О бездарном российском правительстве и министерской чехарде, о коррупции в высшем государственном руководстве и пресловутой «распутинщине», о том, как наживались на войне поставщики и государственные чиновники, можно рассказывать немало. Но в данный момент нас интересует не это, а то, как обстановка в стране отражалась на воюющей армии.
«К наступлению Брусилова были самые скверные предзнаменования, прежде всего глубокий надлом духа высшего командования Русской армии», — писал в книге «1 августа 1914» известный советский историк Н.Н. Яковлев.
Как известно, «надлом духа» для военачальника означает неверие в собственные силы, в своих людей и соответственно в победу. Воевать в таких условиях просто невозможно. Вот почему, когда на совещании 14 апреля 1916 года начальник штаба Ставки верховного командования генерал М.В. Алексеев изложил свой план ведения грядущей летней кампании, принятый на основе договоренностей с союзниками, это не вызвало положительных эмоций у командующих фронтами.

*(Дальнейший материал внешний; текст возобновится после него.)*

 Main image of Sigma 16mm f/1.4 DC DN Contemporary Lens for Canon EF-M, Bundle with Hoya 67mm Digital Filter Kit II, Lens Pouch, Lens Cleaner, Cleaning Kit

Н.Н. Яковлев писал, что, по плану Алексеева, «главный удар наносит Западный фронт генерала Эверта в направлении на Вильно, Северный фронт (Куропаткин) и Юго-Западный (Брусилов) содействуют ему, причем последний переходит в наступление после первых двух. Эверт и Куропаткин, оробев, начали толковать о том, что шансы на успех невелики, нужно лучше подготовиться… Спор разрешил Брусилов, добившись разрешения для своего фронта нанести „вспомогательный, но сильный удар“. У Брусилова было 512 тысяч войск, в то время как на двух других русских фронтах 1.220 тысяч».
Н-да, в прежние времена полководцы буквально рвались в бой, оспаривая друг у друга возможность нанесения главного удара. Ведь в случае успеха главный удар оценивался орденами, чинами, щедрой монаршей благодарностью. От неудач, конечно, никто застрахован не был, но, во-первых, страсть к риску у военного человека в крови, во-вторых, обыкновенно не судят не только победителей, но и проигравших военачальников, да и, в конце концов, генералы от инфантерии давно уже сами не водили в атаку пехотные колонны, а потому жизни командующих фронтами ничего не угрожало…

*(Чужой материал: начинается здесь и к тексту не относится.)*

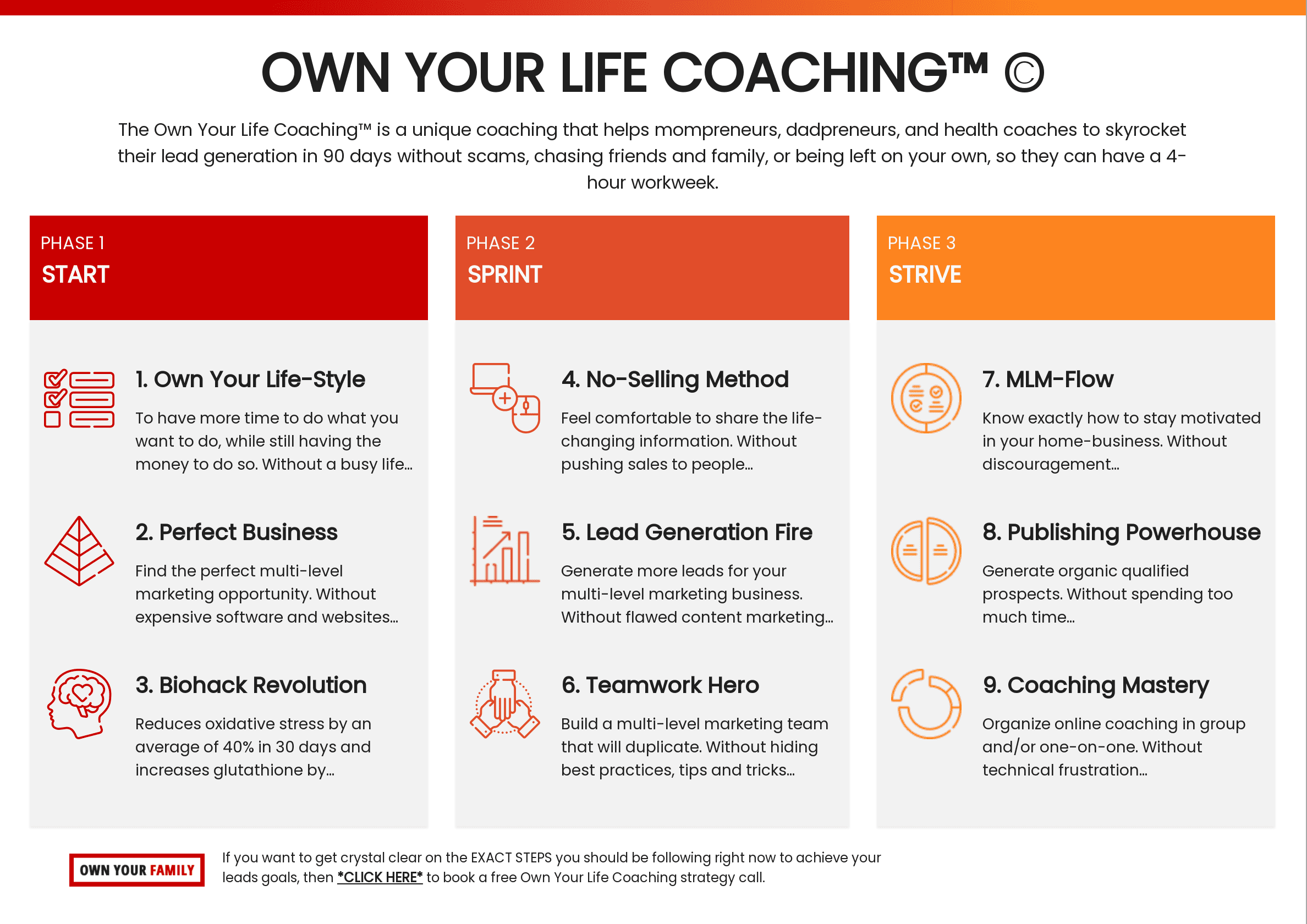 Own Your Life Coaching product roadmap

К тому же налицо были и предпосылки к успеху: еще 14 января австро-венгры начали наступление на Итальянском фронте, намереваясь вывести Италию из войны. Задача эта казалась вполне достижимой: за всю историю войн итальянцы ни разу никого не побеждали и теперь также несли существенные потери. Поэтому на Восточном фронте союзники германцев ослабили свои силы и перешли к обороне. Австро-венгерская группировка, здесь находящаяся, составляла 486 тысяч штыков и сабель при 1.301 орудии.

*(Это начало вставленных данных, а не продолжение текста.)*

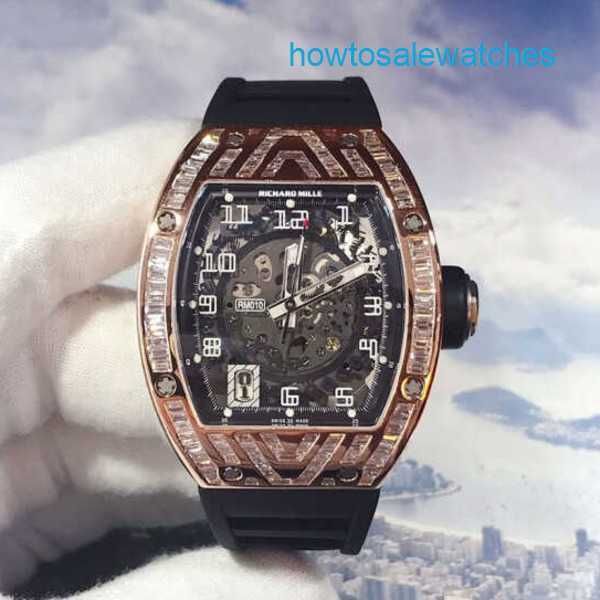 Emocionante relógio de pulso exclusivo relógios de pulso RM Série RM010 Rose Gold Back Set T Diamond RM010 Exibição de data totalmente oca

«Естественно, что вначале, сейчас же после военного совета в Ставке 1 апреля, когда мне, как бы из милости, разрешено было атаковать врага вместе с моими северными боевыми товарищами и я был предупрежден, что мне не дадут ни войск, ни артиллерии сверх имеющихся у меня, мои намерения состояли в том, чтобы настолько сильно сковать противостоящие мне части противника, чтобы он не только не мог ничего перекидывать с моего фронта на другие фронты, но, наоборот, принужден был посылать кое-что и на мой фронт. В это время я думал лишь о том, чтобы наилучшим образом помочь Эверту, на которого возлагались наибольшие надежды и которого поэтому и снабдили всеми средствами, имевшимися в распоряжении Ставки», — писал командующий Юго-Западным фронтом генерал от кавалерии Алексей Алексеевич Брусилов в книге «Мои воспоминания», изданной уже в Советском Союзе.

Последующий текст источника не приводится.